> -----Original Message-----
> From: pgsql-hackers-owner@postgresql.org [mailto:pgsql-hackers-
> owner@postgresql.org] On Behalf Of Tom Lane
> Sent: Thursday, May 10, 2007 11:53 AM
> To: Neil Conway
> Cc: pgsql-hackers@postgresql.org
> Subject: Re: [HACKERS] Planning large IN lists
>
> Neil Conway <neilc@samurai.com> writes:
> > When planning queries with a large IN expression in the WHERE
clause,
> > the planner transforms the IN list into a scalar array expression.
In
> > clause_selectivity(), we estimate the selectivity of the
ScalarArrayExpr
> > by calling scalararraysel(), which in turn estimates the selectivity
of
> > *each* array element in order to determine the selectivity of the
array
> > expression as a whole.
>
> > This is quite inefficient when the IN list is large.
>
> That's the least of the problems. We really ought to convert such
cases
> into an IN (VALUES(...)) type of query, since often repeated
indexscans
> aren't the best implementation.
It seems to me that if you have a unique index on the in list column,
then the problem is simplified. In that case, you just have to estimate
how many index seeks cost more than a table scan. Usually, it's around
5-10% of the table size for the average database.
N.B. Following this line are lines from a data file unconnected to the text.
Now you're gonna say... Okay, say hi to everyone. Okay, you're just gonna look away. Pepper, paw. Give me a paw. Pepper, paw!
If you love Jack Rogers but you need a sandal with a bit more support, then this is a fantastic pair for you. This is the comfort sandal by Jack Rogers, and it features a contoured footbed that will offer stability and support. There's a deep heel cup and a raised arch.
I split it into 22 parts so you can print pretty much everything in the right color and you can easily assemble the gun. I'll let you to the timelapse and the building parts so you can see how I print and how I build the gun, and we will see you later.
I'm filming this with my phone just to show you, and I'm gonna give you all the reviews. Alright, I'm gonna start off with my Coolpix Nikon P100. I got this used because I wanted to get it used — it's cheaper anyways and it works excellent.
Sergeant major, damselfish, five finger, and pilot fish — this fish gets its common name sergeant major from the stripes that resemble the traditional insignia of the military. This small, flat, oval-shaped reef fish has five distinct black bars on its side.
Not sure how it works
out in PostgreSQL.
So in the special case of an in list on a unique indexed column, compare
the cardinality of the table with the number of in list items and decide
to table scan or index seek based on that.
For arbitrary queries, it seems that it would be necessary to keep
histograms for the columns in question. Perhaps it could be collected
with an advanced analyze option.